Former Obama administration official Frederic Hof observed in May of last year that  “we know now” that the reason Obama failed to intervene in the mass-killing in Syria was the “pursuit of a nuclear agreement with Assad’s premier long-term enabler and partner in mass murder: Iran.” It was subsequently reported that both Iranian and American diplomats said that had the Obama administration taken action against Syria dictator Bashar al-Assad for using chemical weapons Iran’s Islamic Revolutionary Guard Corps would have scuttled the talks.

But the nuclear deal didn’t just strengthen the international terrorist organization Hezbollah, the mass-murderer Assad or stymie efforts to rein in Iran’s proliferation threat.
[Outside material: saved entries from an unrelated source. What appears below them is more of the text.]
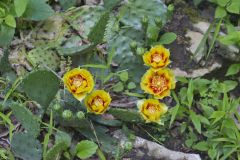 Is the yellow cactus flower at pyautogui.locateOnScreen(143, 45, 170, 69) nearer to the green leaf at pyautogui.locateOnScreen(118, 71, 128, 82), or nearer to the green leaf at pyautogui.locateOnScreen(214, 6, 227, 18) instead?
the green leaf at pyautogui.locateOnScreen(118, 71, 128, 82)

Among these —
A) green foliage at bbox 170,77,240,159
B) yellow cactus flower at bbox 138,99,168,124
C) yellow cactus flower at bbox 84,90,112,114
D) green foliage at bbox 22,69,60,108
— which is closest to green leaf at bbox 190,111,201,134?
green foliage at bbox 170,77,240,159

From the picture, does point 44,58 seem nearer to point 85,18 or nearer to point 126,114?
point 85,18

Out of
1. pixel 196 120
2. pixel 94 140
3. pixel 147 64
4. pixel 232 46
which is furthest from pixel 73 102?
pixel 232 46

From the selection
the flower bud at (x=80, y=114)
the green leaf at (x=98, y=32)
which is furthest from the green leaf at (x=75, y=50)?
the flower bud at (x=80, y=114)

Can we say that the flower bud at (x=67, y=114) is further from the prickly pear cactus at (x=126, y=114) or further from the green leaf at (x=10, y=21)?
the green leaf at (x=10, y=21)

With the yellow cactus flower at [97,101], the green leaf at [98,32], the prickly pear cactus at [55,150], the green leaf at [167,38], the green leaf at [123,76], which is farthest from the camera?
the green leaf at [167,38]

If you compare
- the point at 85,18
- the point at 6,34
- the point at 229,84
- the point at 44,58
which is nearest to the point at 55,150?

The deal emboldened Tehran to further repress its people and even target visitors to Iran.

Reporting on a crackdown against individuals promoting closer ties to the United States, The New York Times observed in November 2015, “Anyone who hoped that Iran’s nuclear agreement with the United States and other powers portended a new era of openness with the West has been jolted with a series of increasingly rude awakenings over the past few weeks.”

A few months later The Wall Street Journal, in January 2016, reported that “Tehran security forces, led by Supreme Leader Ayatollah Ali Khamenei, have stepped up arrests of political opponents in the arts, media and the business community.”
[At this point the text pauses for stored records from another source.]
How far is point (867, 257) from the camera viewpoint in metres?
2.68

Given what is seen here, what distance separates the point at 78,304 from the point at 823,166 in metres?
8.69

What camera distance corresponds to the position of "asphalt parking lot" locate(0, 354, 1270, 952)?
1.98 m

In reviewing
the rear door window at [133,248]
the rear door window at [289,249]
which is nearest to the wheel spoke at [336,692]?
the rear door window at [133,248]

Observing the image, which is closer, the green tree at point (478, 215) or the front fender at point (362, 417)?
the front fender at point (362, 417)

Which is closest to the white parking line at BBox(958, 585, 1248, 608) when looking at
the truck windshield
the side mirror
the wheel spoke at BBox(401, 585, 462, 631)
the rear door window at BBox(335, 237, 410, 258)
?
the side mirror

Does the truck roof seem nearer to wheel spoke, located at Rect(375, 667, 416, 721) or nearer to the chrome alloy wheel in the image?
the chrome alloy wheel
In the past two months, signs of Iranian brazenness have been frequent.

In early November, an activist seeking independence for the Ahwazi Arabs, who live in southwestern Iran, was killed outside his home in The Hague. Reuters reported that over 30 dual nationals had been arrested by Iran since the nuclear deal was agreed to. Israeli Prime Minister Benjamin Netanyahu said that Iran had again refused Israeli aid following a deadly earthquake. Christians in the Kurdistan Regional Government accused Iranian-backed militias of targeting them. An Iranian general threatened to extend the range of country’s ballistic missiles to reach Europe, following the insistence of newly elected French President Emmanuel Macron that Iran limit the range of its missiles. Supreme Leader Ayatollah Ali Khamenei renewed a fatwa prohibiting women from riding bicycles. Iranian hackers were reported to be targeting dissident around the world and the hacking was identified as likely being a military effort. British Foreign Secretary Boris Johnson returned from a trip to Iran without Nazanin Zaghari-Ratcliffe, who has been held since April 2016 and been convicted of trying to overthrow the regime. Houthi rebels in Yemen have been implicated in firing missiles of Iranian origin into Saudi Arabia. And Human rights groups have been criticizing the death penalty that was handed down to Ahmadreza Djalali, who was convicted of espionage in what was described as “a shocking assault on the right to a fair trial.”
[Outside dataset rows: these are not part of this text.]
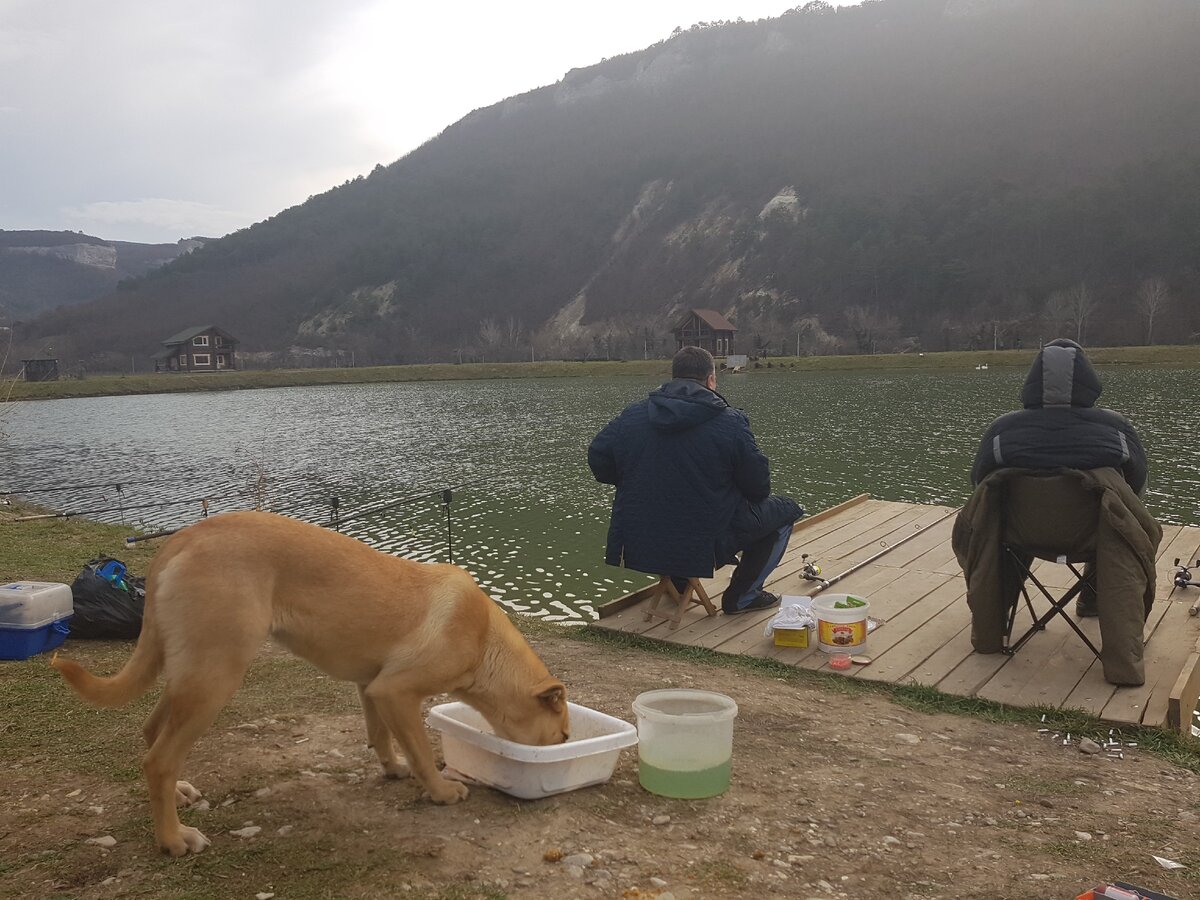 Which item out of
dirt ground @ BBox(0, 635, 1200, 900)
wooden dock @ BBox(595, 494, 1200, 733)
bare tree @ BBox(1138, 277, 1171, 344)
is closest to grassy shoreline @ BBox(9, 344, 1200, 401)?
bare tree @ BBox(1138, 277, 1171, 344)

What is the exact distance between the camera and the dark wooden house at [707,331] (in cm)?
10000

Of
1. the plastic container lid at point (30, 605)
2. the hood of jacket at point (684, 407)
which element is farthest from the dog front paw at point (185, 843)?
the hood of jacket at point (684, 407)

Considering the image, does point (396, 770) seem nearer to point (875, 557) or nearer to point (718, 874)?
point (718, 874)

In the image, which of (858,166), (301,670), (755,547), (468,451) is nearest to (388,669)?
(301,670)

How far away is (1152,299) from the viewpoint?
79.8m

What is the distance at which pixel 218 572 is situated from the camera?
10.8 ft

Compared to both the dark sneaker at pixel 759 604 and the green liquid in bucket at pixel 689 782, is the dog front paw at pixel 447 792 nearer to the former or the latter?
the green liquid in bucket at pixel 689 782

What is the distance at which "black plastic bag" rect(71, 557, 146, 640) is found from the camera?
657 cm

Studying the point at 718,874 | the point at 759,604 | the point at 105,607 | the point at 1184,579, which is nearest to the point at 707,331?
the point at 1184,579

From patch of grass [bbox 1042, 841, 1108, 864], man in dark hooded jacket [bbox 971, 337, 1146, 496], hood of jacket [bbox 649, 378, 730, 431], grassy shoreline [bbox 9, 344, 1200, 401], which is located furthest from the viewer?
grassy shoreline [bbox 9, 344, 1200, 401]

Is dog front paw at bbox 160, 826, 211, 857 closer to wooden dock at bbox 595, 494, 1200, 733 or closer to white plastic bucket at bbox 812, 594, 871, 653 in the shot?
wooden dock at bbox 595, 494, 1200, 733

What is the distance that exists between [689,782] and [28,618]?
4.86 m

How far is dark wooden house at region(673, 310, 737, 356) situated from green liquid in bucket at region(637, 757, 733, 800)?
96348mm

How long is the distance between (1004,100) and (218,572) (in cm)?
17303
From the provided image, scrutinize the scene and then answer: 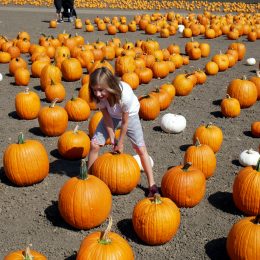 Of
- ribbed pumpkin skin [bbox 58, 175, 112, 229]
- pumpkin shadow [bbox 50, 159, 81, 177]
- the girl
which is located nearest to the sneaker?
the girl

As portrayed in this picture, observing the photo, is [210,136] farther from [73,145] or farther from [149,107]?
[73,145]

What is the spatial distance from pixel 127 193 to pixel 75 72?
5.54m

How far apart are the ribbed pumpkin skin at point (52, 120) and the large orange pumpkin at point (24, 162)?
57.9 inches

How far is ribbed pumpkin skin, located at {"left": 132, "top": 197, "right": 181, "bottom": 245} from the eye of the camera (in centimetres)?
445

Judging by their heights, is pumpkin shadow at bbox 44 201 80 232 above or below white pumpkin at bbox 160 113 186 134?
below

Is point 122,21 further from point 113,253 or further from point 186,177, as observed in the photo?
point 113,253

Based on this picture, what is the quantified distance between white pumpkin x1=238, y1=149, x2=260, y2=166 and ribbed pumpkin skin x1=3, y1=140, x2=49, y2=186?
293 cm

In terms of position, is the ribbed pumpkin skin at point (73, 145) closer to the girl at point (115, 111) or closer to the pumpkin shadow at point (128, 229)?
the girl at point (115, 111)

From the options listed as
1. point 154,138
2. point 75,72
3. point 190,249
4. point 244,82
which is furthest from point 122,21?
point 190,249

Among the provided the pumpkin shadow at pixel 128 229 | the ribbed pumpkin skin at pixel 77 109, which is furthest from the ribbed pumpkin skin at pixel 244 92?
the pumpkin shadow at pixel 128 229

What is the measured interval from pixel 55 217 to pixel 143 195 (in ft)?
3.97

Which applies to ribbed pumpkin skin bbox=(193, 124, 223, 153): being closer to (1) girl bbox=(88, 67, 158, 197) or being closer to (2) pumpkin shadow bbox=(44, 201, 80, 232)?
(1) girl bbox=(88, 67, 158, 197)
In an interview three years ago, former President Barack Obama, anticipating the nuclear deal, said that he hoped that Iran would accept the deal and would become a “very successful regional power that was also abiding by international norms and international rules.”

The reality is that Iran, contrary to Obama’s rosy vision, remains a regional hegemon flouting international norms and international rules. That is because so much was compromised in achieving the deal – shutting down investigations into Hezbollah and Iranian proliferation efforts, failing to stand up to Assad – Iran learned that there was insufficient will in the international community to enforce those norms and rules.

In October, President Donald Trump when he said that he would not certify Iranian compliance with the nuclear deal, he asserted that the deal has led to “a path whose predictable conclusion is more violence, more terror and the very real threat of Iran’s nuclear breakout.” In his national security strategy speech this week he reiterated that the United States was committed to fighting Iran’s “malign influence.”

Will Trump followup on his words and start enforcing limits on Iran’s malign influence? And if he does, will he get the international community to go along?